According to the Xfinity Guide (another innovation we didn’t have when I first discovered the marathon), at 4 p.m. SyFy is playing one of the most rattling episodes, “The Obsolete Man,” in which a librarian is condemned to death because his profession is no longer required — a scary one for anyone who calls themselves part of the media during the Trump administration. At 5:30 is “The Encounter,” where a World War II veteran and Japanese-American are trapped in an attic together. Connect that metaphor to any division in our current climate, from a cop and Black Lives Matter protester to the U.S. president-elect and the father of a deceased Muslim soldier.
These are the newest additions to my growing “More Relevant Than Ever” list, which includes things like Stevie Wonder’s “You Haven’t Done Nothin,'” released weeks before Richard Nixon resigned; 1947’s Gentlemen’s Agreement starring Gregory Peck as a journalist posing as a Jew to uncover everyday antisemitism in California society; and, to bring it full circle to Twilight Zone, “Death’s Head Revisited” about a Nazi reminiscing as he tours Dachau with the ghosts of his victims. All these decades-old pieces of art act as a reminder that when history repeats itself, it doesn’t leave the nasty bits behind.
I was originally going to write a 2017 kick-off post about these three things, but then I realized it would start the year in a very pessimistic way, which is easy to do when 2016 was such an awful year in the world. But for this blogger, at least, 2016 was an amazing year for me on a personal level, even though it seems everyone else had a rough time of it.
“Somewhere along the way, I just forgot the good things,” Jack Klugman just said on my TV during the next episode, “A Passage for Trumpet,” as if prompting me to take at least a moment to recognize the incredible things I did in the last 366 days: Starting the year in London, experiencing a microgravity flight, moving into a downtown Chicago highrise, seeing the original cast of Hamilton on Broadway and continuing growing my friendships and career.
But I’m insanely lucky because some of my extended family and friends had 2016s to match the disastrous year that the rest of the world experienced, from Brexit and the U.S. election to the Turkish coup, European terror attacks, ongoing horrors in Syria and a number of other things that have probably slipped my mind.
As I figure out a way to transition to my thoughts on the year ahead, Twilight Zone episode “Mr.

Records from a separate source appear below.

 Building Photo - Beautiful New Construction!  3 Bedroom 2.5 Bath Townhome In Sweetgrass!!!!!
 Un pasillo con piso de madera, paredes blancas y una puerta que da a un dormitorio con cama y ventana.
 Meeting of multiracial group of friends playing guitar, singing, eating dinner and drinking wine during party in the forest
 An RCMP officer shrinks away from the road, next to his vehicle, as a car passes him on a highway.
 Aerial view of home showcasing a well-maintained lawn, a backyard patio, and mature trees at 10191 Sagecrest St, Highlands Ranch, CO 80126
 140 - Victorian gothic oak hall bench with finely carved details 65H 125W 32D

Bevis” is on now. It’s about a kindhearted oddball who loses his job, car and home, only to have his guardian angel show him that he can become more successful if he replaces his eccentric optimism with cold conformity. A similar episode, “Cavender is Coming” puts Carol Burnett in the same situation. Both Bevis and Burnett’s Agnes Grep face a lifestyle filled with the same desolation that 2016 brought a lot of my loved ones, but they always face the future with childlike joy that helps them manage the worst of times.
“Mr. James B.W. Bevis, who believes in a magic all his own: The magic of a child’s smile, the magic of liking and being liked, the strange and wondrous mysticism that is the simple act of living,” Serling’s voice-over says, closing the episode as Bevis drives away in his beater of a car, just fine being jobless and homeless if it means he can continue being unreservedly himself.
I think Twilight Zone just ended this blog post for me. What a way to approach a new year: By attacking 2017 with the same passion that Bevis does and refusing to sacrifice it even if it’s easier to fall into the pit of pessimistic apathy. I’m not saying that we dance so fast we don’t notice the music, but that we face our goals — be they to improve ourselves, the world or both — with ambition, creativity and commitment. This year, don’t just “be you.”Be you unapologetically.
And don’t miss your chance to, like Bevis and this New Year’s Eve blogger, find hope in your own corner of the Twilight Zone.